2
Design Overview
anti edited this page 2026-04-18 06:08:17 -04:00

Design Overview

A short tour of how DECNET is split into processes and why. For knob-level detail see Environment-Variables; for storage internals see Database-Drivers.

The microservice split

DECNET runs as a small constellation of workers around a FastAPI process. Each worker is a first-class CLI subcommand and can also be embedded in the API process for simple single-host deploys.

Subsystem Launch standalone Embed in API Primary job
Web / API decnet web --daemon (this is the host) FastAPI app, dashboard, REST endpoints
Collector decnet collect --daemon always runs Ingest RFC 5424 syslog from deckies
Correlator decnet correlate --daemon always runs Session + attacker correlation
Profiler decnet profiler --daemon DECNET_EMBED_PROFILER=1 Attacker profiling / scoring
Sniffer decnet sniffer --daemon DECNET_EMBED_SNIFFER=1 Passive PCAP on the decoy bridge
Prober decnet probe --daemon always runs Active realism checks
Mutator decnet mutate --daemon --watch always runs Runtime fleet mutation

Every worker is also how decnet deploy spawns them — the deploy path shells out to python -m decnet.cli <worker> --daemon so there is exactly one code path, whether you run interactively or under systemd.

Why split them at all

Resilience

A crashed sniffer must not take the API down. A stuck profiler must not block an attacker write from the collector. Splitting into processes gives us the usual crash-domain isolation: supervise each unit under systemd (see Systemd-Setup), restart on its own schedule.

Scaling

In UNIHOST mode everything lives on one machine.

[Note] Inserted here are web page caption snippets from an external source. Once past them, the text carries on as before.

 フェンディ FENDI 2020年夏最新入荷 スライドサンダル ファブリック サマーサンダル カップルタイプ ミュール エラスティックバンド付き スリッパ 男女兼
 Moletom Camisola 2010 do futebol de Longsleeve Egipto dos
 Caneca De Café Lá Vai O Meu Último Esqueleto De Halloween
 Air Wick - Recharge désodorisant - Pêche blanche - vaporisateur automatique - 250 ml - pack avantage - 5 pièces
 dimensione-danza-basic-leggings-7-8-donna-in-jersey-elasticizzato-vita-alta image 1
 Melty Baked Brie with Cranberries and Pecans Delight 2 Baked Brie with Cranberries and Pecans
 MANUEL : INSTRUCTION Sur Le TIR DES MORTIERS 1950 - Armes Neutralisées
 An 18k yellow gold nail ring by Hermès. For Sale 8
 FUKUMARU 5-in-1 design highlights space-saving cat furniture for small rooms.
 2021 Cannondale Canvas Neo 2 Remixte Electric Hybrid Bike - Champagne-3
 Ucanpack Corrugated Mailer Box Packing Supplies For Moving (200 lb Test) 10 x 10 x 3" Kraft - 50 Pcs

In SWARM / MULTIHOST mode the heavy workers (sniffer, profiler) can move to dedicated hosts while the API stays on the public-facing bridge. Because each worker reads the same repository via get_repository(), they are effectively stateless w.r.t. each other — they coordinate through the DB, not through shared memory.

Write-load isolation

The API serves reads; the collector, correlator, and profiler are write-heavy. Under SQLite, single-writer contention was the #1 latency source when everything ran in-process. Breaking the writers out and letting them hold short transactions independently drops lock contention dramatically. If you outgrow even that, flip DECNET_DB_TYPE=mysql.

Observability

Each subsystem emits its own RFC 5424 stream tagged with its own APP-NAME (decnet.collector, decnet.sniffer, decnet.profiler, …). That makes triage in the SIEM mechanical: filter by app, not by guesswork. Embedded mode muddies this because everything shares the API process.

Embed mode

For dev and for the smallest possible single-host deploy, two workers can run inside the FastAPI process:

  • DECNET_EMBED_PROFILER=1 — profiler starts in a thread on app startup.
  • DECNET_EMBED_SNIFFER=1 — sniffer starts in a thread on app startup.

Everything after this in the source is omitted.